It's useful to keep your code concise and avoid replication.
Unless I am misunderstanding something (wouldn't be the first time) cut can give you the same result, though with slightly different category text.
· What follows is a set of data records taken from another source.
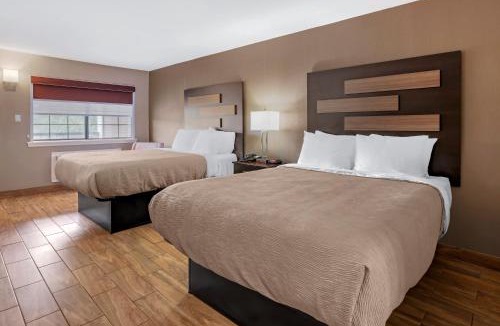 New Boston Hotel | Quality Inn & Suites New Boston - Texarkana West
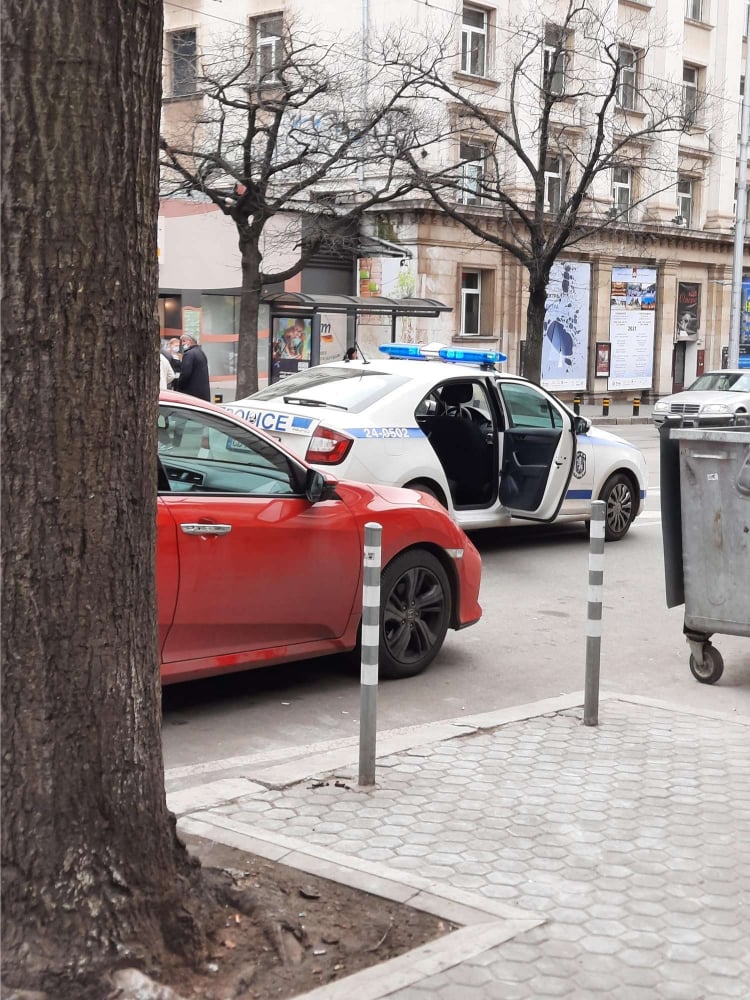 Извънредно в БЛИЦ! Зрелищен арест в центъра на София СНИМКИ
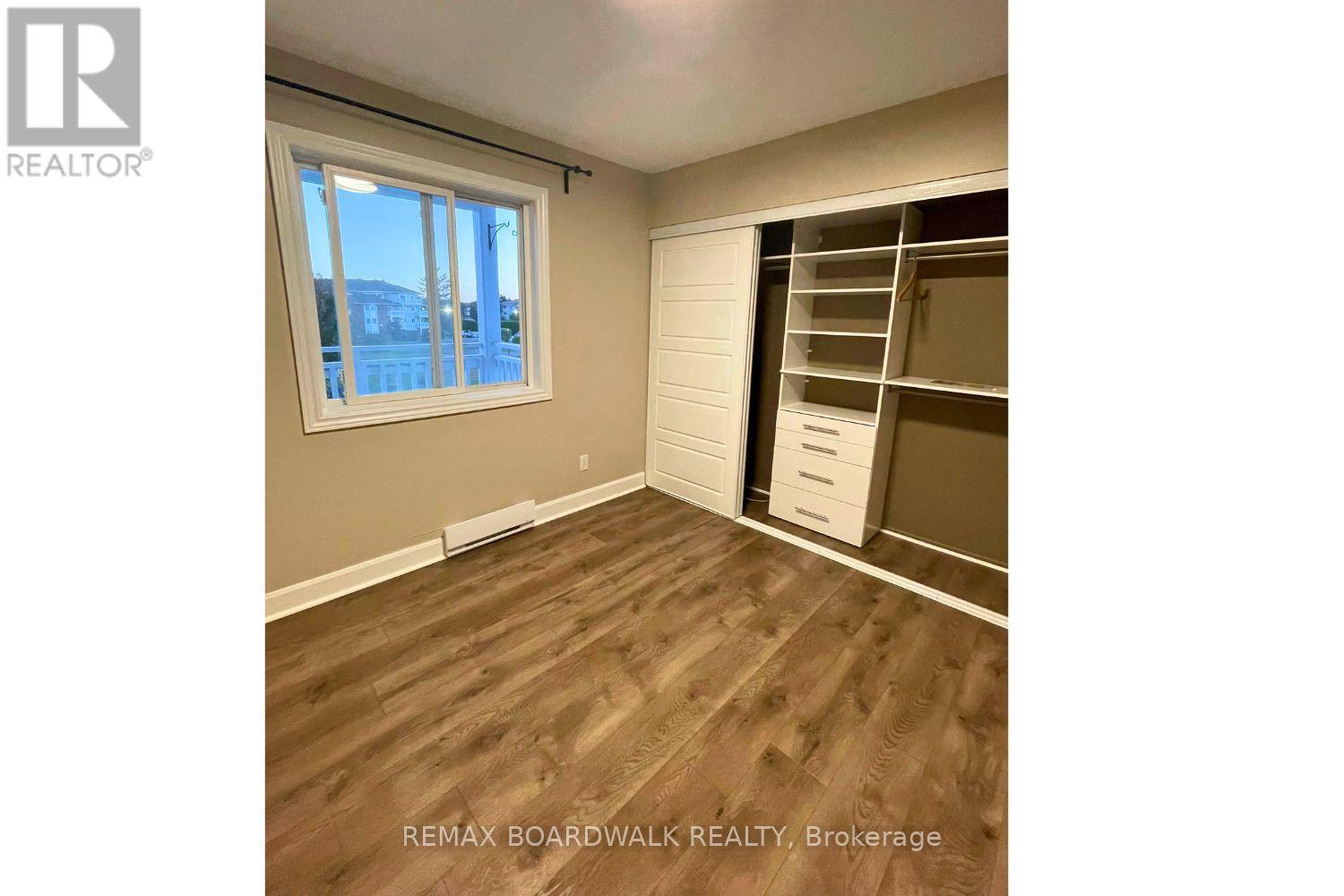 212 - 266 Lorry Greenberg Drive, Ottawa, Ontario  K1T 3J9 - Photo 6 - X12861216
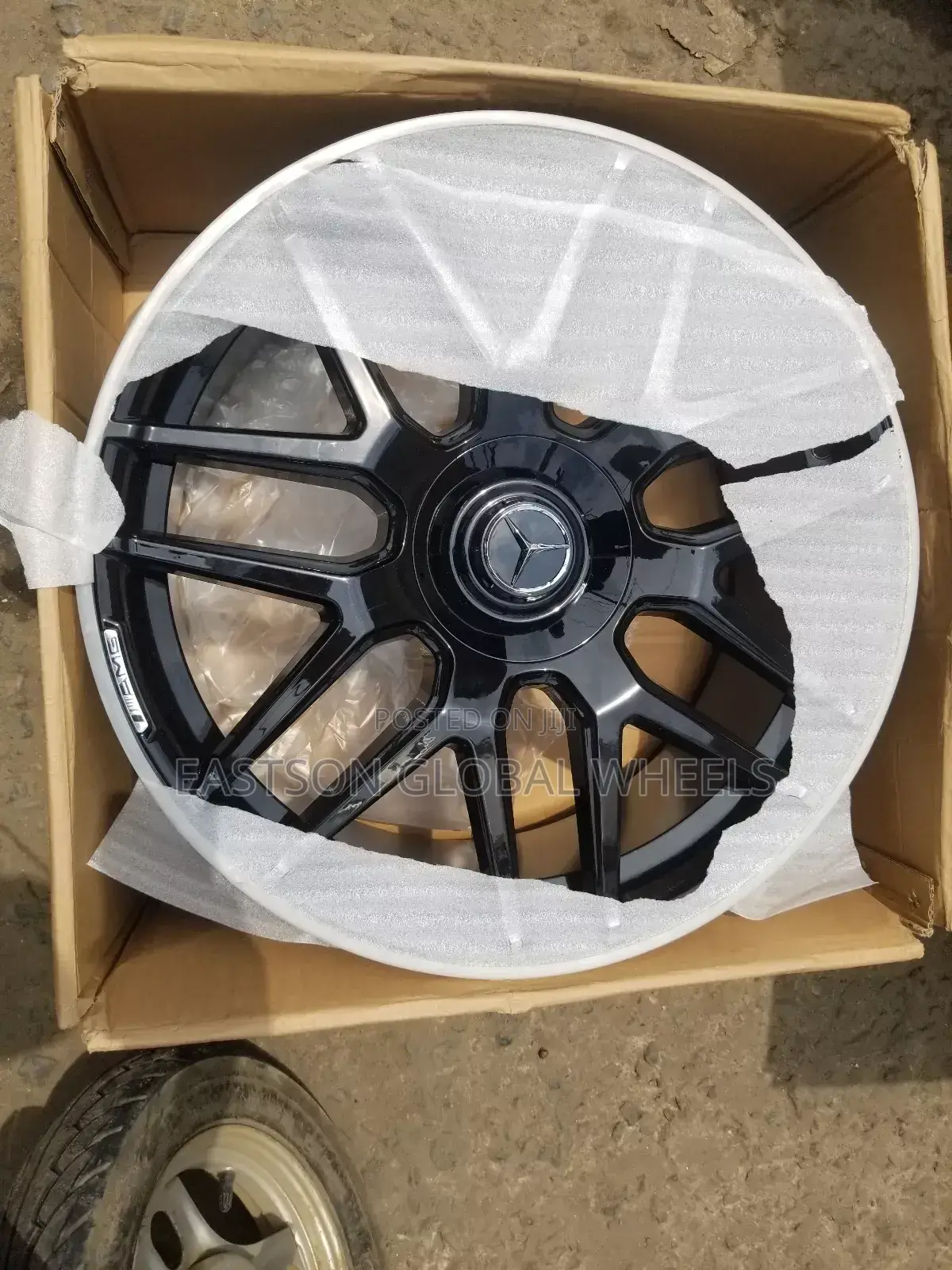 22 Inches Brand New Mercedes Benz Amg Alloyed Rim
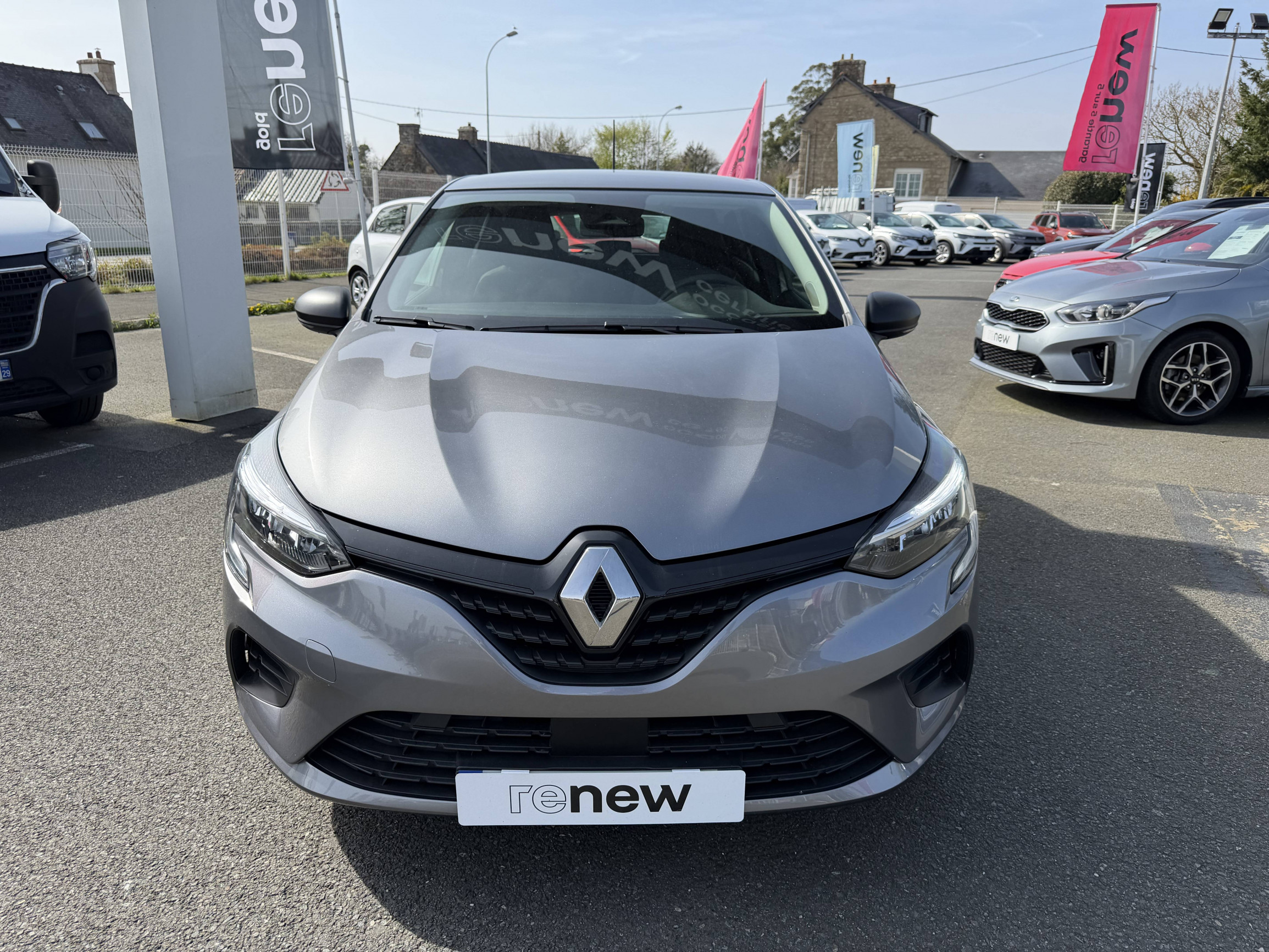 Renault Clio 5 Clio SCe 65 occasion de 2023 en vente à Lannion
for example for the first few categories;
df <- data.frame(
ID = c(1, 2, 3, 4, 5 ,6, 7, 8, 9, 10), # ID of patient
Age = c(22, 55, 90, 7, 14, 100, 33, 85, 91, 43),# Age of patient
Gender = c(1, 2, 2, 2, 1, 1, 2, 1, 1, 2)# Gender, 1 = Male, 2 = Female
)
library(dplyr)
df %>%
mutate(
age_cut = cut(Age, breaks = c(0,29,34,39,Inf))
)
#> ID Age Gender age_cut
#> 1 1 22 1 (0,29]
#> 2 2 55 2 (39,Inf]
#> 3 3 90 2 (39,Inf]
#> 4 4 7 2 (0,29]
#> 5 5 14 1 (0,29]
#> 6 6 100 1 (39,Inf]
#> 7 7 33 2 (29,34]
#> 8 8 85 1 (39,Inf]
#> 9 9 91 1 (39,Inf]
#> 10 10 43 2 (39,Inf]
Created on 2018-05-21 by the reprex package (v0.2.0).
The category (29,34] is equivalent to your 30 - 34 range.
The breaks arguments is where you can set these ranges. For example with breaks = c(0,29,34,39,Inf), the bins will be set between 0, 29, 34, 39 and infinity.